Non, ce qui est intéressant c'est ce qu'il dit sur cette fameuse méthode Hollande. Tant pis si je heurte ici les nombreux démocrates soutiens du nouveau régime en dévoilant les vérités confiées par Monsieur Bel à la presse.
Tout d'abord il nous explique que Hollande a rencontré le futur président Nieto avant son investiture et que le dialogue a été constructif et que lui-même était présent à la cérémonie d'investiture de ce dernier avec lequel il s'est entretenu en espagnol, précise t-il, peut-être pour nous montrer qu'avec un n°2 parlant allemand et un n°3 parlant espagnol on est particulièrement armé. Mais c'est ce qu'il dit ensuite qui est proprement ahurissant. Soit Monsieur Bel pense que c'est normal, soit il a un neurone qui a dérapé au moment de l'entretien. Je le cite : "trois jours après mon entrevue avec lui, il avait changé deux juges de la Cour suprême. Deux juges ont été exfiltrés, ceux qui étaient particulièrement défavorables à Florence. Nous étions là dans des conditions différentes qui ont permis à la justice mexicaine de juger en droit et en toute indépendance. Nous avons simplement mis fin à une anomalie." Est-ce à dire que les juges "exfiltrés" n'étaient pas indépendants et que ceux "rapportés" l'étaient pour leur part? Enfin on voit là une conception assez particulière, socialiste peut être, de l'indépendance de la justice. Si vous voulez avoir le jugement qui vous convient choisissez les juges qui rendront la sentence qui vous arrange le mieux. La France, par l'intermédiaire de son président et du président du Sénat, aurait ainsi fait modifier par le nouveau président mexicain la composition de la cour suprême afin d'obtenir le jugement qui permettrait de libérer une de ses ressortissantes. C'est extraordinaire et ça en dit long effectivement sur cette conception que peuvent avoir ces gens de l'indépendance de la justice.

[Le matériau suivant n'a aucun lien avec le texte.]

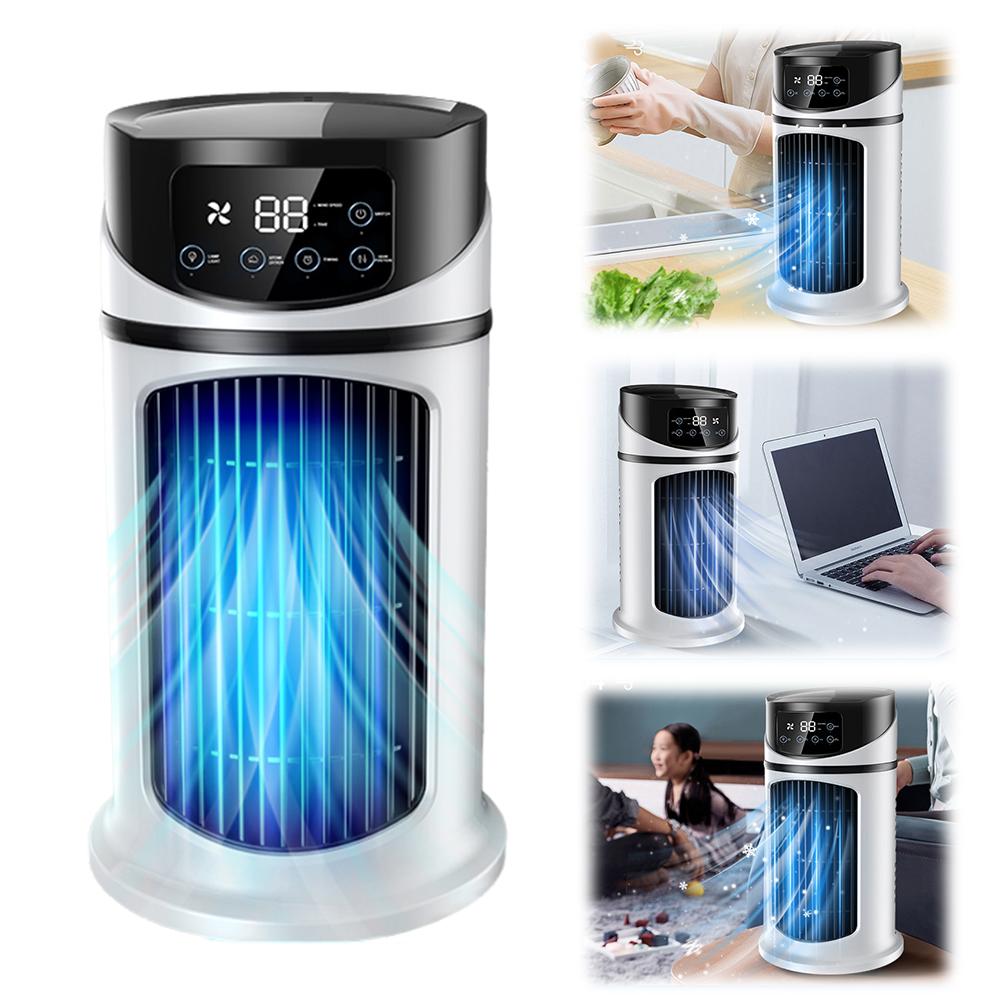 3 in 1 Personal Quiet Table Fan 6 Speeds Options Circulation Wind Air Cooler Desktop Fan for Office Bedroom Desktop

Imaginez juste qu'un haut dignitaire étranger déclare un jour : " notre ressortissant ayant été déclaré coupable en appel en France, j'ai organisé une rencontre avec le président Hollande qui m'a dit qu'il allait user de toute son influence pour que le jugement soit annulé en cassation. Et aujourd'hui je suis heureux de vous annoncer qu'il a tenu parole et que notre compatriote est libre."
Le plus drôle, si j'ose dire, c'est que Monsieur Bel insiste sur la discrétion de Hollande lors de cette manœuvre. On comprend cette discrétion. Et il aurait été bien inspiré de son côté de faire preuve de la même réserve.